Based on the award-winning article in Harvard Business Review, from global leadership expert John Kotter.

It's a familiar scene in organizations today: a new competitive threat or a big opportunity emerges. You quickly create a strategic initiative in response and appoint your best people to make change happen. And it does - but not fast enough. Or effectively enough. Real value gets lost and, ultimately, things drift back to the default status. Why is this scenario so frequently repeated in industries and organizations across the world?

In the groundbreaking new book Accelerate (XLR8), leadership, change-management expert, and best-selling author John Kotter provides a fascinating answer - and a powerful new framework for competing and winning in a world of constant turbulence and disruption.

Kotter explains how traditional organizational hierarchies evolved to meet the daily demands of running an enterprise.
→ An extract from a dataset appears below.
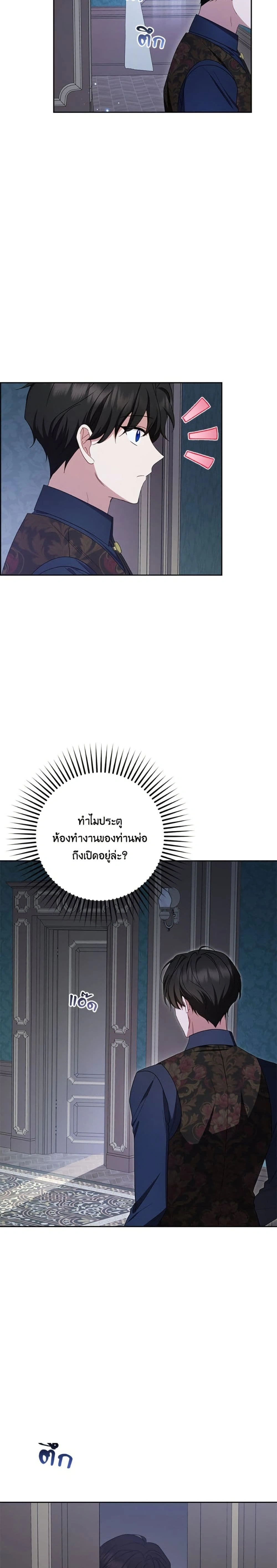 หน้าที่ 23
For most companies, the hierarchy is the singular operating system at the heart of the firm. But the reality is, this system simply is not built for an environment where change has become the norm. Kotter advocates a new system - a second, more agile, network-like structure that operates in concert with the hierarchy to create what he calls a "dual operating system" - one that allows companies to capitalize on rapid-fire strategic challenges and still make their numbers.
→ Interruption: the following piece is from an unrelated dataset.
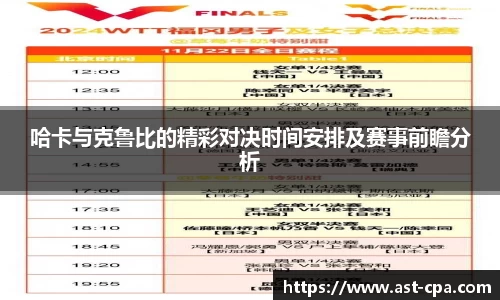 雷竞技RAYBET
Accelerate (XLR8) vividly illustrates the five core principles underlying the new network system, the eight accelerators that drive it, and how leaders must create urgency in others through role modeling. And perhaps most crucial, the book reveals how the best companies focus and align their people's energy and urgency around what Kotter calls the big opportunity. If you're a pioneer, a leader who knows that bold change is necessary to survive and thrive in an ever-changing world, this book will help you accelerate into a better, more profitable future.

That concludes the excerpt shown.